Henk Van Hulle, director at Post Office Money, said: “This upcoming summer break provides families with the opportunity to come together and enjoy days out – yet the cost of doing so continues to rise year after year.
“Despite this, many parents remain unsure of how they will pay for the costs of entertaining their children. By planning ahead and setting aside money earlier in the year, parents can avoid being stung by surprise expenses or missing bill payments, and enjoy the holidays free of financial fears.”
Parents also expect to shell out £86 on other people’s children, around £101 on childcare and £146 on fuel to travel to the planned day trips and visits.
Worryingly, 55 per cent of parents are concerned about how they will afford the holidays and 50 per cent feel under pressure to spend as much as other families. 58 per cent have not put money aside to cover the extra spending, even though more than a third (36 per cent) went over budget last year.
The research - conducted by Opinium on behalf of Post Office Money - revealed that 23 per cent of parents will end up paying with their credit card while 10 per cent would borrow money from family or friends. 12 per cent had no idea how they would cover the additional expense. Seven per cent sell items on auction sites such as Ebay and 34 per cent of mums and dads would give up buying new clothes for themselves in order to reign in their spending.
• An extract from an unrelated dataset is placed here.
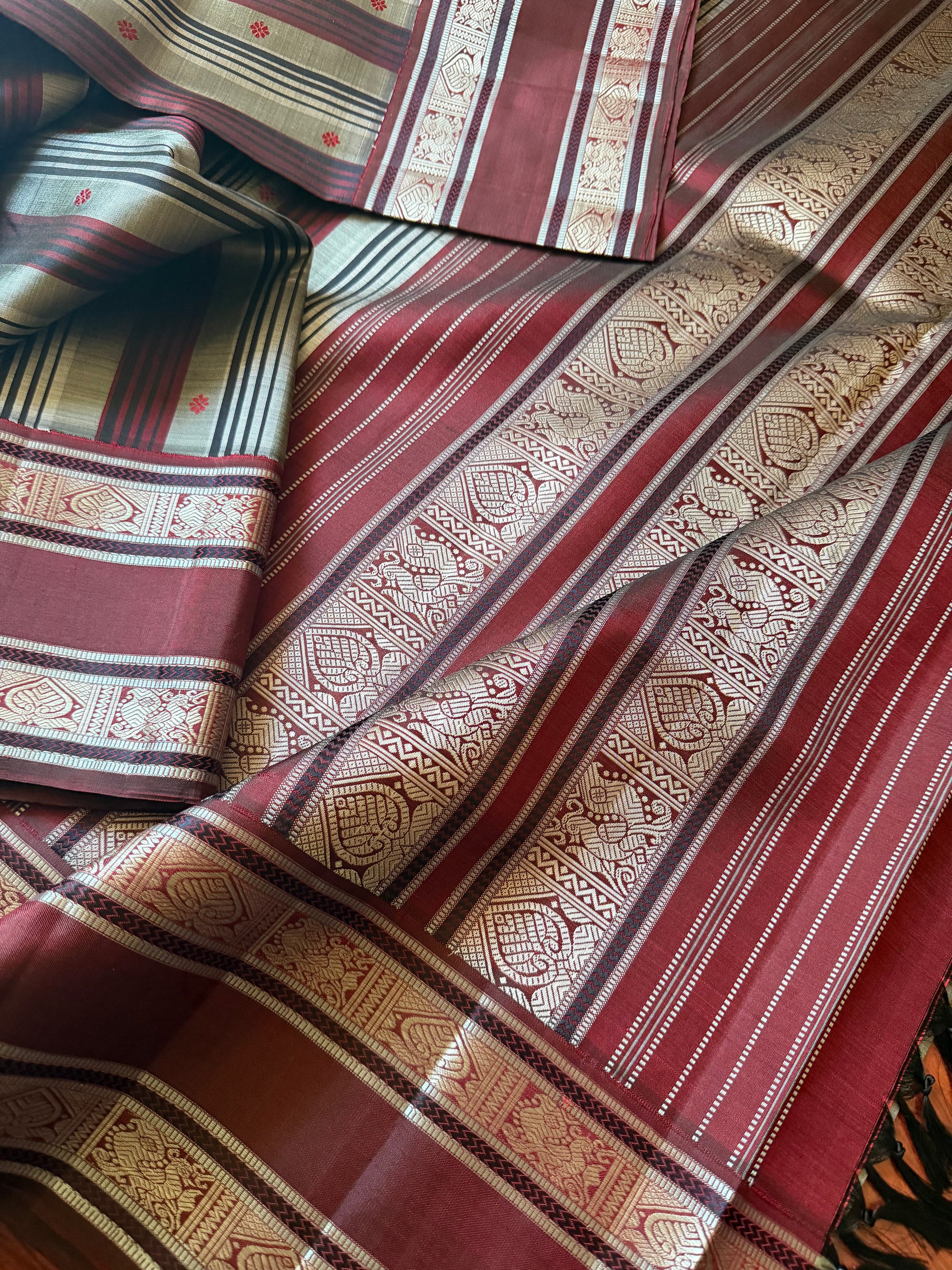 No Zari Kanjivaram Silk: Grey + Maroon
The annual report suggests a number of ways that parents can make savings during the summer holidays, including tracking down discounts and 2 for 1 offers for days out and restaurants online, booking in advance for train tickets, taking a packed lunch or picnic when going out for the day and organising fun and free activities at home, such as baking or painting.
Families can also take advantage of free - or cheap - community events and attractions, such as arts and crafts sessions at local museums, family fundays and galas.
Many council-run facilities - such as libraries, galleries and museums - are also free or inexpensive.